Pero el resultado final era siempre el mismo. Cada vez, los rebeldes volvían a crear, bajo su propia bandera, una estructura similar de subélites, élites y superélites. Pues esta estructura integracional y los técnicos del poder que la dirigían, eran tan necesarios para la civilización de la segunda ola como las fábricas, los combustibles fósiles o las familias nucleares. De hecho eran incompatibles el industrialismo y la plena democracia prometida.

Se podía obligar a las naciones industriales, mediante la acción revolucionaria o de otro modo, a moverse de un lado a otro del espectro, desde el mercado libre hasta el planificado centralmente. Podían pasar de capitalistas a socialistas, y viceversa. Pero, como el proverbial leopardo, no podían cambiar sus manchas. No podían funcionar sin una poderosa jerarquía de integradores.

En la actualidad, mientras la tercera ola de cambio empieza a romper contra esta fortaleza de poder directivo, empiezan también a aparecer las primeras grietas en el sistema de poder. En una nación tras otra van surgiendo demandas de participación en la dirección, de una toma de decisiones compartida, de un control por parte de los obreros, los consumidores y los ciudadanos y de la creación de una democracia anticipativa. En las industrias más avanzadas van naciendo nuevas formas de organización a lo largo de líneas menos jerárquicas y más adhocráticas. Se intensifican las presiones para una descentralización del poder. Y los directores se hacen cada vez más dependientes de la información procedente de abajo. Por tanto, las élites mismas se están tornando menos permanentes y seguras. Todo esto no son sino alarmas tempranas, indicadoras del vasto cambio que se avecina en el sistema político.

La tercera ola, que empieza ya a asaltar estas estructuras industriales, abre fantásticas oportunidades de renovación social y política. En los próximos años, instituciones sorprendentemente nuevas sustituirán a nuestras impracticables, opresivas y obsoletas estructuras integracionales.

Antes de volvernos a estas nuevas posibilidades, necesitamos profundizar nuestro análisis del sistema que agoniza. Necesitamos practicar una radiografía de nuestro anticuado sistema político para ver cómo encajó en el marco de la civilización de la segunda ola, cómo servía al orden industrial y a sus élites.
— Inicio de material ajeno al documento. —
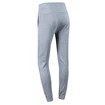 Pantalon de survêtement pour femme Endurance  Koithy Sweat Pants Light Grey Melange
Sólo entonces podremos comprender por qué ya no es adecuado ni tolerable.

VI

El esquema oculto

Nada es más desorientador para un francés que el espectáculo de una campaña presidencial americana: el continuo engullir de "perros calientes", las palmadas en la espalda y los besos a los niños, las primarias, las convenciones, seguidas por el enloquecido frenesí de la colecta de fondos, los silbidos, los discursos, los anuncios en la televisión… todo en nombre de la democracia. En contraste, a los americanos les cuesta entender la forma en que los franceses eligen a sus dirigentes. Menos aún entienden las insípidas elecciones británicas, la rebatiña holandesa con dos docenas de partidos, el sistema australiano de votación preferente o los intercambios y pactos japoneses entre facciones. Todos estos sistemas políticos parecen terriblemente distintos entre sí. Más incomprensibles aún son las elecciones o seudoelecciones de candidatura única que tienen lugar en la URSS y en la Europa Oriental. Cuando se llega al terreno político, no hay dos naciones industriales que parezcan iguales.

Pero, una vez que prescindimos de nuestras provincianas anteojeras, descubrimos de pronto que existen poderosos paralelismos bajo las diferencias de la superficie. De hecho, es casi como si los sistemas políticos de todas las naciones de la segunda ola hubieran sido construidos a partir del mismo esquema oculto.